Purpose: Driver mutations inform lung adenocarcinoma (LUAD) targeted therapy. Association of histopathological attributes and molecular profiles facilitates clinically viable testing platforms. We assessed correlations between LUAD clinicopathological features, mutational landscapes, and two grading systems among Chinese cases.
Methods: 79 Chinese LUAD patients undergoing resection were subjected to targeted sequencing. 68 were invasive nonmucinous adenocarcinoma (INMA), graded via: predominant histologic pattern-based grading system (P-GS) or novel IASLC grading system (I-GS). Driver mutation distributions were appraised and correlated with clinical and pathological data.

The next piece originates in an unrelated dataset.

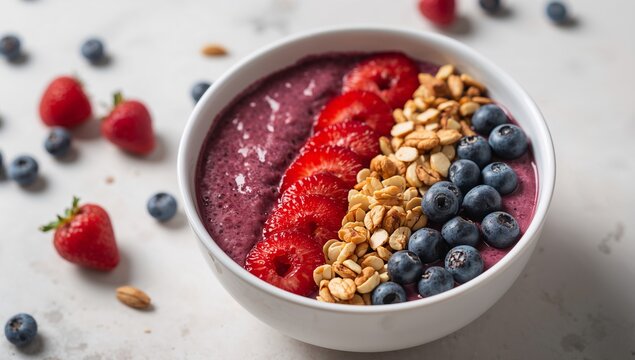 Berry Delight. A Colorful Composition of Smoothies, Strawberries, Granola, and Blueberries.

Results: Compared to INMA, non-INMA exhibited smaller, well-differentiated tumors with higher mucin content. INMA grade correlated with size, lymph invasion (P-GS), and driver/EGFR mutations. Mutational spectra varied markedly between grades, with EGFR p.L858R and exon 19 deletion mutations predominating in lower grades; while high-grade P-GS tumors often harbored EGFR copy number variants and complex alterations alongside wild-type cases. I-GS upgrade of P-GS grade 2 to grade 3 was underpinned by ≥20 % high-grade regions bearing p.L858R or ALK fusions. Both systems defined tumors of distinctive phenotypic attributes and molecular genotypes.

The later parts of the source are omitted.